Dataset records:
--------
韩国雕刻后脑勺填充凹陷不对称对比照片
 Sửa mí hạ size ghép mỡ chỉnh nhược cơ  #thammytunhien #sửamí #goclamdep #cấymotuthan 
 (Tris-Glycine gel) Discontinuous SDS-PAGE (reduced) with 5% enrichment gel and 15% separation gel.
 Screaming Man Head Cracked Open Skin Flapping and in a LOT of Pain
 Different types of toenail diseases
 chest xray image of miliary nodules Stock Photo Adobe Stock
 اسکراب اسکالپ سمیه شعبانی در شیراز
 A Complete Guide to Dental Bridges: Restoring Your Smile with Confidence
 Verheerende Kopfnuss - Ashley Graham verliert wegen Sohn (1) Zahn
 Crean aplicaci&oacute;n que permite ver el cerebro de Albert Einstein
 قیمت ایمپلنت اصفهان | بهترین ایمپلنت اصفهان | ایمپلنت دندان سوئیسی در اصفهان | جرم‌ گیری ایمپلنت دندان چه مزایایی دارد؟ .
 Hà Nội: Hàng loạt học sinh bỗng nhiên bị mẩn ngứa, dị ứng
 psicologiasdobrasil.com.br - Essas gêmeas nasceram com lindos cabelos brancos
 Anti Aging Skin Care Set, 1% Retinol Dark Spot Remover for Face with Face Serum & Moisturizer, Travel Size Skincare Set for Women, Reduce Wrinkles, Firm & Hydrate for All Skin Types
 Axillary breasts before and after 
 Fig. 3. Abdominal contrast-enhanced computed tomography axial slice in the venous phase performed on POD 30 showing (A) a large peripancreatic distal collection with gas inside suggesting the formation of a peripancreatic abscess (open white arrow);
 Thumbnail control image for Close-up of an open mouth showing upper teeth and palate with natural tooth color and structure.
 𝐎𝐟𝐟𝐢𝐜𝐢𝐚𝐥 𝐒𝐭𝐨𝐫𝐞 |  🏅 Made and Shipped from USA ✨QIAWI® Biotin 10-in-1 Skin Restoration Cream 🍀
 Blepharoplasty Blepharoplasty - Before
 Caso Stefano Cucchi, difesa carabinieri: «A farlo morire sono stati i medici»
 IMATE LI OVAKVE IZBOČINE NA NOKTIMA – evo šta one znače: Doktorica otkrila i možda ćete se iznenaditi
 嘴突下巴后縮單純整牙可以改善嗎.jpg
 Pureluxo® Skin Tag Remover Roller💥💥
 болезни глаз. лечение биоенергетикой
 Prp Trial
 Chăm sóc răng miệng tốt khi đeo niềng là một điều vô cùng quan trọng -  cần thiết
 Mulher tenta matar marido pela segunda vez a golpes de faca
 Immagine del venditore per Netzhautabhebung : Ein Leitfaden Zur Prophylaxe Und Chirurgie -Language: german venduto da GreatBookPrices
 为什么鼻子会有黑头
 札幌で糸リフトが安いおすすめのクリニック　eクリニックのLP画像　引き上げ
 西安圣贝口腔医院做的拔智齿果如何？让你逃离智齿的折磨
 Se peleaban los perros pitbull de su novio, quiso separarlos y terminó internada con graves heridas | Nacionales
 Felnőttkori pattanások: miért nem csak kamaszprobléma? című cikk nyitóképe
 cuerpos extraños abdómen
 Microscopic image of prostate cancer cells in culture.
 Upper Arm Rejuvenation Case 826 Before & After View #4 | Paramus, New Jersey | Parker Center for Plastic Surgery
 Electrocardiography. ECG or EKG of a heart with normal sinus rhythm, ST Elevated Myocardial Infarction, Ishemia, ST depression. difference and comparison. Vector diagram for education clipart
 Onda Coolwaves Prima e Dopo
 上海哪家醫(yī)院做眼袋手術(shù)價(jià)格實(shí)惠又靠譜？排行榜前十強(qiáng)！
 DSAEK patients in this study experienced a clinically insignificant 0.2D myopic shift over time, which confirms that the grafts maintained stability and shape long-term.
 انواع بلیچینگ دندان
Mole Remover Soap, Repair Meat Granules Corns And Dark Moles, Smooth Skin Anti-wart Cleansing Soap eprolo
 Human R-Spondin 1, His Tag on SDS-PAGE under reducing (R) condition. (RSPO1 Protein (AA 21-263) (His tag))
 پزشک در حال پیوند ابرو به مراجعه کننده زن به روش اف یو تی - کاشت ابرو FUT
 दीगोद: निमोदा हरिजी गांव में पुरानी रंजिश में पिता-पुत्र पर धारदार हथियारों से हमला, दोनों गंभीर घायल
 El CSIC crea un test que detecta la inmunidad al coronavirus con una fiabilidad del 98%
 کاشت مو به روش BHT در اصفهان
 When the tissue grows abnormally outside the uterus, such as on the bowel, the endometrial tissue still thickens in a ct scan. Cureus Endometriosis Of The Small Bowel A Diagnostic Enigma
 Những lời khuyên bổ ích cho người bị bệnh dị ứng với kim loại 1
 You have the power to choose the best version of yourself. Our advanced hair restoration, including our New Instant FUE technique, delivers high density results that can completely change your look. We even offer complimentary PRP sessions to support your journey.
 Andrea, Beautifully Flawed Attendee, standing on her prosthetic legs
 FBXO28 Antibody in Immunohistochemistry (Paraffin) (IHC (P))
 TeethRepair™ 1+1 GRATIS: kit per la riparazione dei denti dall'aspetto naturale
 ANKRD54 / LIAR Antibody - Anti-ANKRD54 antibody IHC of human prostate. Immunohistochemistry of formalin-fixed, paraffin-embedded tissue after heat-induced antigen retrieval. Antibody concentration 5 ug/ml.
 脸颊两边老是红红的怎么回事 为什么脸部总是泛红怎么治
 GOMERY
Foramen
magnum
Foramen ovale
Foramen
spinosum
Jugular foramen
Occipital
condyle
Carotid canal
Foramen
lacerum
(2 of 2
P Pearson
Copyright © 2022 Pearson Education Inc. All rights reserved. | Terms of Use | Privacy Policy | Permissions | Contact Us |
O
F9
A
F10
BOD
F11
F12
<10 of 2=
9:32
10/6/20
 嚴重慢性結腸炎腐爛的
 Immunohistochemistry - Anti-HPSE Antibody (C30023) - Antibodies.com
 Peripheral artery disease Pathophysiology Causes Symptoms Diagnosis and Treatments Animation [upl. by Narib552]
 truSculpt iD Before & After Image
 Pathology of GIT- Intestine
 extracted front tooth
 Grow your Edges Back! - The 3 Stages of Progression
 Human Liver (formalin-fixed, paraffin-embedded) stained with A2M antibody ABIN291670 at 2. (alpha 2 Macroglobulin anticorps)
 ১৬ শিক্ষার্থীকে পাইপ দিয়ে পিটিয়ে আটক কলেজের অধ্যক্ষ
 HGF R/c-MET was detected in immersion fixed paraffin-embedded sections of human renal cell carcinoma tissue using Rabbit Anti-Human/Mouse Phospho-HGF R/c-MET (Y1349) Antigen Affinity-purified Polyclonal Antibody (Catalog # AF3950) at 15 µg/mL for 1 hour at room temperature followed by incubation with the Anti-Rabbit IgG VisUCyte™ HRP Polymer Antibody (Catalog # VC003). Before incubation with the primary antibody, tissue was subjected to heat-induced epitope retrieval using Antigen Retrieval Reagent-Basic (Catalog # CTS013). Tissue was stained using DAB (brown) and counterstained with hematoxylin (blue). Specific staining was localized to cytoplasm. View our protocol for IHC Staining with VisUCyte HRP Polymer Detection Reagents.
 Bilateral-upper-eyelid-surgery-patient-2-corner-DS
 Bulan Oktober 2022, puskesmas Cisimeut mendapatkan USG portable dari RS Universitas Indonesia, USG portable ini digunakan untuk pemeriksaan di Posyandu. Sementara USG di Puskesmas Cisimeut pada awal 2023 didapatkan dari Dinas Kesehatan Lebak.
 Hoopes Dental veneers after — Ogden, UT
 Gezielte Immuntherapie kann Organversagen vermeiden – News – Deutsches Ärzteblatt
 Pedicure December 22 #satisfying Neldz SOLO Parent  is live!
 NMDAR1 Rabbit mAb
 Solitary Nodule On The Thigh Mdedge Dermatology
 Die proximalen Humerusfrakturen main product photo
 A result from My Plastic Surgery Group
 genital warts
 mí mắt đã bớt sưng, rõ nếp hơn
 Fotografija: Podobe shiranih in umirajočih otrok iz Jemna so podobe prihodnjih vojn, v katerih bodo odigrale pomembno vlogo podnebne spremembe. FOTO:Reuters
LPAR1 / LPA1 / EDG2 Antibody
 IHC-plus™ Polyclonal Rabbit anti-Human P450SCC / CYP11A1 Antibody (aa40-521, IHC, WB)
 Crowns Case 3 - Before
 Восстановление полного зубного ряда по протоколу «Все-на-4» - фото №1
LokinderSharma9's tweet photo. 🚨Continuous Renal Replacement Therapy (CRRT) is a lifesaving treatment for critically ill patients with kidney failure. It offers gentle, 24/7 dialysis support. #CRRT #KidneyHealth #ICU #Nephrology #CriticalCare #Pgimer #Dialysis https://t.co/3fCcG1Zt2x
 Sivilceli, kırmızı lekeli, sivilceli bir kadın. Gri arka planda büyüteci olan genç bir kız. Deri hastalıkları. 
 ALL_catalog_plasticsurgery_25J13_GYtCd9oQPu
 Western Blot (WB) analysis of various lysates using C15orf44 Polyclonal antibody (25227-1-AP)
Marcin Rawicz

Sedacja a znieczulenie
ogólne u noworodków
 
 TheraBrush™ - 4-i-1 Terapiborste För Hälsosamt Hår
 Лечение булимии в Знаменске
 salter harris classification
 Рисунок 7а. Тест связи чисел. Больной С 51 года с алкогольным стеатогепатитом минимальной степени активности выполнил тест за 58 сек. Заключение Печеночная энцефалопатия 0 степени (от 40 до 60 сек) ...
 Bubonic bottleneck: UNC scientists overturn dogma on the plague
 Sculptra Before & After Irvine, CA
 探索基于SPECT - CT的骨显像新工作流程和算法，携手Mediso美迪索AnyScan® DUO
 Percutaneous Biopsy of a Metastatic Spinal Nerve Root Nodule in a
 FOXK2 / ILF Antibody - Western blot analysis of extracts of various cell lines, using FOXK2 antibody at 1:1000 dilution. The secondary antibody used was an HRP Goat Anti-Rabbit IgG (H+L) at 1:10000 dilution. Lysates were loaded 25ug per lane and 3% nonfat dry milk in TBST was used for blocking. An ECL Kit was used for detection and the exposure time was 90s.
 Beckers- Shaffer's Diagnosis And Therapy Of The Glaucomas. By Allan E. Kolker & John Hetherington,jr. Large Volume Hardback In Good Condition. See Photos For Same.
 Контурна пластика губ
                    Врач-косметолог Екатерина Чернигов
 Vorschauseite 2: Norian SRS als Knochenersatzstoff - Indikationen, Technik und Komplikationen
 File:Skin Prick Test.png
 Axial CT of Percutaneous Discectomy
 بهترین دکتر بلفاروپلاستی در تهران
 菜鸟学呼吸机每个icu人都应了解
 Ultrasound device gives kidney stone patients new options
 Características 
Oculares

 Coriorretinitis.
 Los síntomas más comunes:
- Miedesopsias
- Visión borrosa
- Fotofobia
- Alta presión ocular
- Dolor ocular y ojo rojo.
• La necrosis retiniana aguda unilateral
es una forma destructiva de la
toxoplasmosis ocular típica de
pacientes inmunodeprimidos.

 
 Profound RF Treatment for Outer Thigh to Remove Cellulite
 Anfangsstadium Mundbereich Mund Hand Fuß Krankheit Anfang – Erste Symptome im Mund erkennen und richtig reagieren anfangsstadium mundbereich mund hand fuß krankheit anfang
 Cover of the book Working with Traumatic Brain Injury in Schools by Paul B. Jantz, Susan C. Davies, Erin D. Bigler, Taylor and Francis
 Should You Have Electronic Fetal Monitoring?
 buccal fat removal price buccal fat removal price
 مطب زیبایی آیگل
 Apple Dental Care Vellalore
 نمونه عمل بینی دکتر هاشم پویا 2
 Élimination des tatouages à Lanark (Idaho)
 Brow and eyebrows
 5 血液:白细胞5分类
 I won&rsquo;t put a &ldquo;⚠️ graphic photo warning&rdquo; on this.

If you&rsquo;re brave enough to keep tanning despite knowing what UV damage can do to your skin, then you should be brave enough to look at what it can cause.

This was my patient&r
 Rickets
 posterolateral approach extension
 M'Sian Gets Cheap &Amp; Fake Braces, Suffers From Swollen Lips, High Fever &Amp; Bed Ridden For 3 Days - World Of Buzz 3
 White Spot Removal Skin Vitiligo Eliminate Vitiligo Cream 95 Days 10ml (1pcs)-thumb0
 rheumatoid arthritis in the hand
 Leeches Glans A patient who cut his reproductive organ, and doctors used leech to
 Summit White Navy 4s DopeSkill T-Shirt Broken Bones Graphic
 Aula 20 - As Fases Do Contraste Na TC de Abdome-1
--------
Exercise brief: Your output should be the lines from the one with "If you&rsquo;re brave" through the end of the records above, copied exactly.

Result for this exercise:
If you&rsquo;re brave enough to keep tanning despite knowing what UV damage can do to your skin, then you should be brave enough to look at what it can cause.

This was my patient&r
 Rickets
 posterolateral approach extension
 M'Sian Gets Cheap &Amp; Fake Braces, Suffers From Swollen Lips, High Fever &Amp; Bed Ridden For 3 Days - World Of Buzz 3
 White Spot Removal Skin Vitiligo Eliminate Vitiligo Cream 95 Days 10ml (1pcs)-thumb0
 rheumatoid arthritis in the hand
 Leeches Glans A patient who cut his reproductive organ, and doctors used leech to
 Summit White Navy 4s DopeSkill T-Shirt Broken Bones Graphic
 Aula 20 - As Fases Do Contraste Na TC de Abdome-1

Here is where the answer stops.